DESCRIPTION OF THE TASK
Give again, exactly as written, the lines of the records below from the line with "Power Napper Inside" to the line with "I Pooped In". Both end lines count; pictures do not.

MATERIAL TO PROCESS
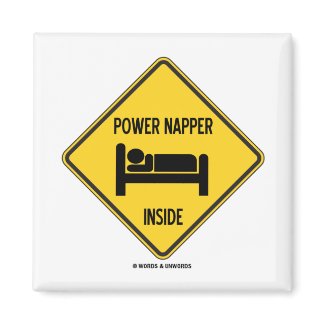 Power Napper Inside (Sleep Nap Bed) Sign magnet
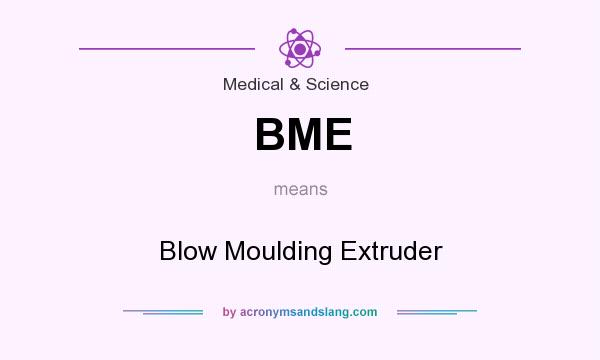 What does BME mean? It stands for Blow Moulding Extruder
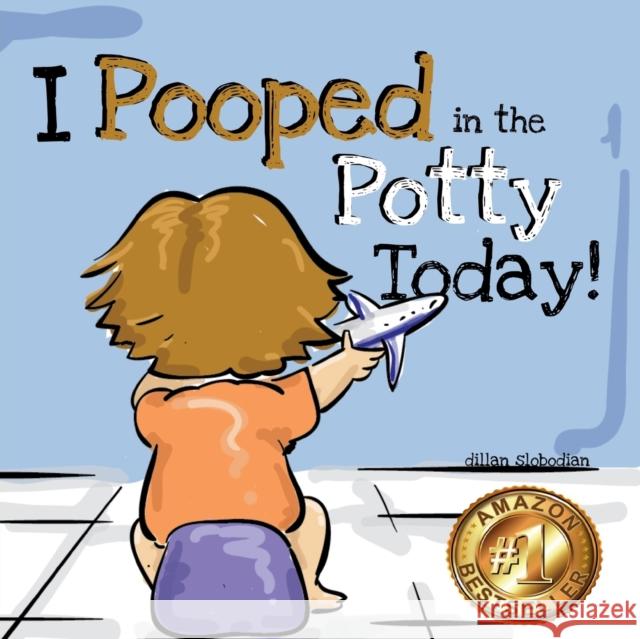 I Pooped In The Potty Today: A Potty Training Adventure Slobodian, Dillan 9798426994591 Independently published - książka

---

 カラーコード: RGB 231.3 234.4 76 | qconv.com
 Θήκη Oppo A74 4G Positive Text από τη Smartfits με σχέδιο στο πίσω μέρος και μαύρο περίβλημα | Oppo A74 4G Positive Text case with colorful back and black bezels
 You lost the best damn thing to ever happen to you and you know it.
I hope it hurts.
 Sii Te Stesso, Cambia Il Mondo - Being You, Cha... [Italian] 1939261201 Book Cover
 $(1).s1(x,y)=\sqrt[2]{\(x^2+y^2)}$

* * *

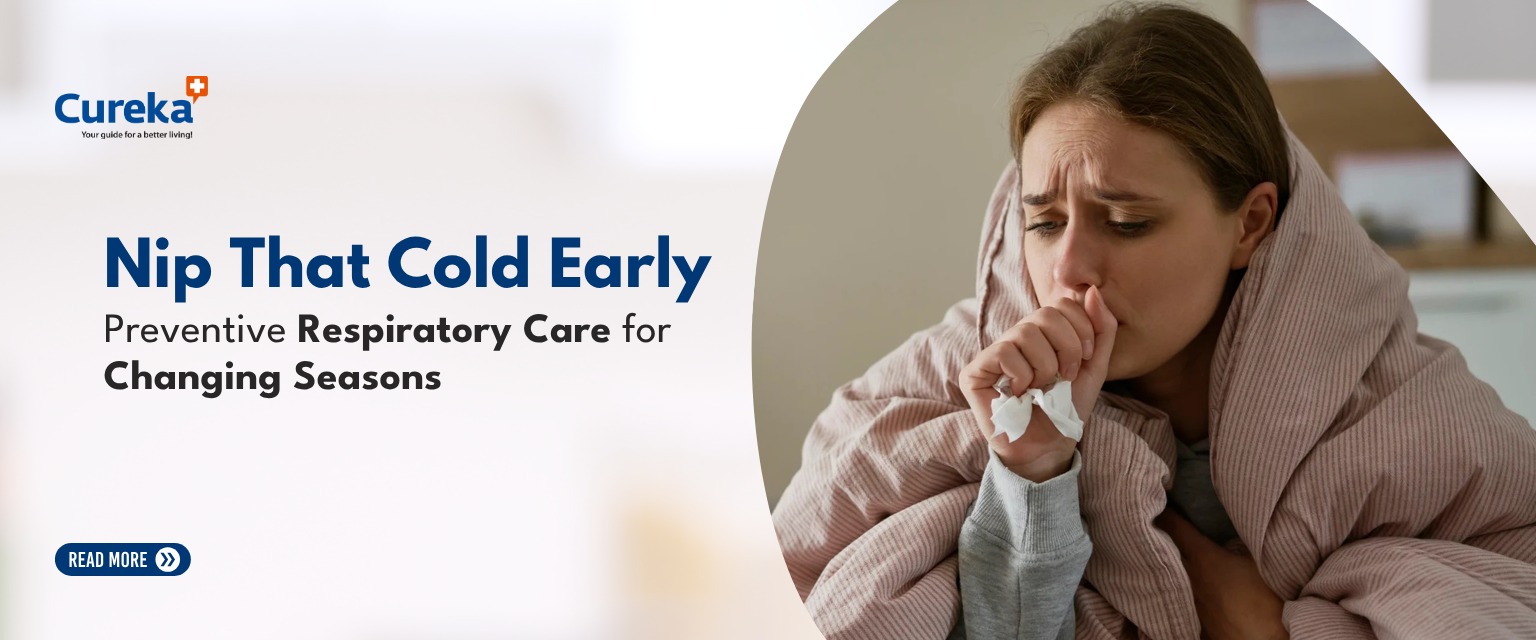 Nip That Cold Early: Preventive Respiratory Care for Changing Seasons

EXPECTED ANSWER
 Power Napper Inside (Sleep Nap Bed) Sign magnet
 What does BME mean? It stands for Blow Moulding Extruder
 I Pooped In The Potty Today: A Potty Training Adventure Slobodian, Dillan 9798426994591 Independently published - książka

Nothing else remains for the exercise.